[PROVIDED MATERIAL Boundary: Start]
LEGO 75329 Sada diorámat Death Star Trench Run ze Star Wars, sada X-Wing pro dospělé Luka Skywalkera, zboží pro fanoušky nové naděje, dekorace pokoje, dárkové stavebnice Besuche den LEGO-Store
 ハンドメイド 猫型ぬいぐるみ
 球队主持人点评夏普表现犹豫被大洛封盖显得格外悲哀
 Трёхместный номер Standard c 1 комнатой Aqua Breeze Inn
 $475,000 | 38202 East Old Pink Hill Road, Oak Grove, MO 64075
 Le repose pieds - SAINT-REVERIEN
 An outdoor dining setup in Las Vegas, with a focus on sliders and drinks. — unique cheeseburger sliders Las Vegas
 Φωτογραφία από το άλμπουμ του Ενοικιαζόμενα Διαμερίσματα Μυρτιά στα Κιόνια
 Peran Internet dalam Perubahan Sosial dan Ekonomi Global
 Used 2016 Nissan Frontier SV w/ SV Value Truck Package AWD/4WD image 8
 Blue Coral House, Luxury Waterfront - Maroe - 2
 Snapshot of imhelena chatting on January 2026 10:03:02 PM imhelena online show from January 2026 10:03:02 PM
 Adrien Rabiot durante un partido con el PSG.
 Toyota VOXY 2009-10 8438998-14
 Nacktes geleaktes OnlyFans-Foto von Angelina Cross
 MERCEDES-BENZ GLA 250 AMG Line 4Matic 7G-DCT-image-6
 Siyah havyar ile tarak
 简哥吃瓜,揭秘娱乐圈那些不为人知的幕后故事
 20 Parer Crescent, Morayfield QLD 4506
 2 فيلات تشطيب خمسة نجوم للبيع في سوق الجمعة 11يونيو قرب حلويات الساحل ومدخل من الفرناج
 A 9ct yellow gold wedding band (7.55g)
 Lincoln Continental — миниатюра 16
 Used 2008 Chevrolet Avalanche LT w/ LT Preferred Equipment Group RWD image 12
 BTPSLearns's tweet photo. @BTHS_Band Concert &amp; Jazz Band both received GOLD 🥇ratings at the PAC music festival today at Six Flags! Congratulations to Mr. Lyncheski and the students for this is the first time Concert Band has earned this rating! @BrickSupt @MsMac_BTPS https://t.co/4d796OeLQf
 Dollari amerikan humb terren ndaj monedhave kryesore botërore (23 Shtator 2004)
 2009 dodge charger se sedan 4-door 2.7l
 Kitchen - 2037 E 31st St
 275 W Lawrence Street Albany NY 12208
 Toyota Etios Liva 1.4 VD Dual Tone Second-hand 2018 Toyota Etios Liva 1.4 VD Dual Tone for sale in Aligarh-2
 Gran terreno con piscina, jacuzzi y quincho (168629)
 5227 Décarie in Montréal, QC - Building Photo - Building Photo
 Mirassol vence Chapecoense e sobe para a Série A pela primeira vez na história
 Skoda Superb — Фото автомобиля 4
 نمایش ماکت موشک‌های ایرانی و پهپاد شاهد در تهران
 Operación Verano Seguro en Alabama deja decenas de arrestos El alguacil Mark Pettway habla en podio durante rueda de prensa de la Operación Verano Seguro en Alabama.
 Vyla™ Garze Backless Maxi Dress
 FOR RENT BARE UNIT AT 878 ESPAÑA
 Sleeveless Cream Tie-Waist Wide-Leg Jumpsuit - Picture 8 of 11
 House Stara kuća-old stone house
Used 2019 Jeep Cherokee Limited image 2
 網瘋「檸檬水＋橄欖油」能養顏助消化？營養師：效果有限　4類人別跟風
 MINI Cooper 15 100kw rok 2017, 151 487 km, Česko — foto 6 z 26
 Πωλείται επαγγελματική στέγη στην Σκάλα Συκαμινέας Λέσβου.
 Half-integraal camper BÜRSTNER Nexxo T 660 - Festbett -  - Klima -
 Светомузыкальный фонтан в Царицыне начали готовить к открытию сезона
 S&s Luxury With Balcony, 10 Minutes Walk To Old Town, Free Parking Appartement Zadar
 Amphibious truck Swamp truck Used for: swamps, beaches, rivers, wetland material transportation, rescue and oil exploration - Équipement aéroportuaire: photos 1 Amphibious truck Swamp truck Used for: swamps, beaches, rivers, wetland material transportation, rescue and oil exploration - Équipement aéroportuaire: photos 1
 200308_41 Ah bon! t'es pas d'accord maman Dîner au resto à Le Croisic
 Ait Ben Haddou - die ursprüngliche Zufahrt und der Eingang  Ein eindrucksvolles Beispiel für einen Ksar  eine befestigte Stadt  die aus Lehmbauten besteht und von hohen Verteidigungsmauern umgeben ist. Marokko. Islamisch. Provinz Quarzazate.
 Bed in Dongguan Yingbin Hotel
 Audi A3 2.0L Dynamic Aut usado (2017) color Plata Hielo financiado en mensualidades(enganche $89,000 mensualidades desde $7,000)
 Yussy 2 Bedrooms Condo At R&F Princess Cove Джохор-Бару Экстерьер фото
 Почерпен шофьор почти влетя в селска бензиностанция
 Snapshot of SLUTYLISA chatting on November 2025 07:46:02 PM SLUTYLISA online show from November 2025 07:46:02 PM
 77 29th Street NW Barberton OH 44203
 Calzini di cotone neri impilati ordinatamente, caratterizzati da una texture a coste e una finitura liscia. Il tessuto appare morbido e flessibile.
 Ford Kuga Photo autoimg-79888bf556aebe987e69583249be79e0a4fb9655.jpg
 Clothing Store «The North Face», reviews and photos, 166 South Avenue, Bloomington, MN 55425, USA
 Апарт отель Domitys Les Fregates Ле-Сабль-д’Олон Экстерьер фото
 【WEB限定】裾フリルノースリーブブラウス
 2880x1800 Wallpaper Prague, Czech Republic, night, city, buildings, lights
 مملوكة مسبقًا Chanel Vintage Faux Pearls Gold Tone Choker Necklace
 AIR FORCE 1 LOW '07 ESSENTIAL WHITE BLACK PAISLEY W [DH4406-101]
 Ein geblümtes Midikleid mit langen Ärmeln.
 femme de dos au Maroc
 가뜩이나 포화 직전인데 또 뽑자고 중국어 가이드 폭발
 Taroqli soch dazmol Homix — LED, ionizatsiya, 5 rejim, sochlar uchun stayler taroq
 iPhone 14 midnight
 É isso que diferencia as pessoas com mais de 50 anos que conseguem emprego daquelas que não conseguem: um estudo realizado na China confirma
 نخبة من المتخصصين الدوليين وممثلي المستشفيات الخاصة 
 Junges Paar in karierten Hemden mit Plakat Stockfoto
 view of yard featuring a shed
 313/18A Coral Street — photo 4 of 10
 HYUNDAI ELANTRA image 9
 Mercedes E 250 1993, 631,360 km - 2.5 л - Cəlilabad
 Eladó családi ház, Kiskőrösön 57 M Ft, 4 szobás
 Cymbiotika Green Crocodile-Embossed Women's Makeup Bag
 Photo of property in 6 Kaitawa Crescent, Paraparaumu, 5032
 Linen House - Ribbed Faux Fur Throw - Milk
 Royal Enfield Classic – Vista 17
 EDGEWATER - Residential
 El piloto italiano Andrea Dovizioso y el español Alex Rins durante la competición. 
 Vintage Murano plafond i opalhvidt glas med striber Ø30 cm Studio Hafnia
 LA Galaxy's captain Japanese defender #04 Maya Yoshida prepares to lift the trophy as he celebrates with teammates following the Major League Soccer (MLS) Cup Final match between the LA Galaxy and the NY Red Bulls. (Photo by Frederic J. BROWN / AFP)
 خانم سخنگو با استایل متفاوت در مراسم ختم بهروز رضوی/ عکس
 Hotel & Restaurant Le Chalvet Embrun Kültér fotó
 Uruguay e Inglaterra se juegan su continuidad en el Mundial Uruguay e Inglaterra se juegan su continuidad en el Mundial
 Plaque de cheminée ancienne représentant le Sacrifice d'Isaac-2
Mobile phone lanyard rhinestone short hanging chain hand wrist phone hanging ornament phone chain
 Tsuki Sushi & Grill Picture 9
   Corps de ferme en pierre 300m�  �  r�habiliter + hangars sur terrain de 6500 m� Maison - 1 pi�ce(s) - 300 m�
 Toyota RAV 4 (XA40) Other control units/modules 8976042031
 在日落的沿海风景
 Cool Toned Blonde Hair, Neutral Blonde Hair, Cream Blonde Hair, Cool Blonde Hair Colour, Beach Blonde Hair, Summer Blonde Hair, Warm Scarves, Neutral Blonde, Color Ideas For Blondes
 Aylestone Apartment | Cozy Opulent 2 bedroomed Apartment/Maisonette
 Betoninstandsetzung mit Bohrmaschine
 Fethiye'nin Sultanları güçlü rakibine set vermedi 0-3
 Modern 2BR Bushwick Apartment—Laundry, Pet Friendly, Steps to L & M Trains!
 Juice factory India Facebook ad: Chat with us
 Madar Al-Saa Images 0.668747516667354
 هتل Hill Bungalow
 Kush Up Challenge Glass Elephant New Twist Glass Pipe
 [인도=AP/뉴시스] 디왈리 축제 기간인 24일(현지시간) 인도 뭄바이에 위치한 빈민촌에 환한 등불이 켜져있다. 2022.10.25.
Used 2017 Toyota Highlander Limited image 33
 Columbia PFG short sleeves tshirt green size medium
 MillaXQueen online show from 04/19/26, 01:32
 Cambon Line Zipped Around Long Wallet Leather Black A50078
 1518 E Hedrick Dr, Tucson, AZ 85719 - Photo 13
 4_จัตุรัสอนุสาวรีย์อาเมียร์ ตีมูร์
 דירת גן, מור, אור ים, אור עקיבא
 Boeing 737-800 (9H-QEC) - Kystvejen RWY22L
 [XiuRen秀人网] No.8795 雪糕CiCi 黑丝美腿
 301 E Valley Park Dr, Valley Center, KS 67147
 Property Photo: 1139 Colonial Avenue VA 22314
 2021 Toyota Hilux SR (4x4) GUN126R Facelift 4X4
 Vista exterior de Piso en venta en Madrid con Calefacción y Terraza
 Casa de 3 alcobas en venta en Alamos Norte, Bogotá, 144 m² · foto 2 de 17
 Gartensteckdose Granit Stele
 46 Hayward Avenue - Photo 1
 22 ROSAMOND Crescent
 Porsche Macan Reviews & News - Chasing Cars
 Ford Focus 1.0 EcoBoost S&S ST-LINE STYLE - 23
[PROVIDED MATERIAL Boundary: End]
Where the listing above reaches the line that contains "Peran Internet dalam", start retyping, and finish with the line that contains "Dollari amerikan humb"; reproduce those lines exactly and no others.

 Peran Internet dalam Perubahan Sosial dan Ekonomi Global
 Used 2016 Nissan Frontier SV w/ SV Value Truck Package AWD/4WD image 8
 Blue Coral House, Luxury Waterfront - Maroe - 2
 Snapshot of imhelena chatting on January 2026 10:03:02 PM imhelena online show from January 2026 10:03:02 PM
 Adrien Rabiot durante un partido con el PSG.
 Toyota VOXY 2009-10 8438998-14
 Nacktes geleaktes OnlyFans-Foto von Angelina Cross
 MERCEDES-BENZ GLA 250 AMG Line 4Matic 7G-DCT-image-6
 Siyah havyar ile tarak
 简哥吃瓜,揭秘娱乐圈那些不为人知的幕后故事
 20 Parer Crescent, Morayfield QLD 4506
 2 فيلات تشطيب خمسة نجوم للبيع في سوق الجمعة 11يونيو قرب حلويات الساحل ومدخل من الفرناج
 A 9ct yellow gold wedding band (7.55g)
 Lincoln Continental — миниатюра 16
 Used 2008 Chevrolet Avalanche LT w/ LT Preferred Equipment Group RWD image 12
 BTPSLearns's tweet photo. @BTHS_Band Concert &amp; Jazz Band both received GOLD 🥇ratings at the PAC music festival today at Six Flags! Congratulations to Mr. Lyncheski and the students for this is the first time Concert Band has earned this rating! @BrickSupt @MsMac_BTPS https://t.co/4d796OeLQf
 Dollari amerikan humb terren ndaj monedhave kryesore botërore (23 Shtator 2004)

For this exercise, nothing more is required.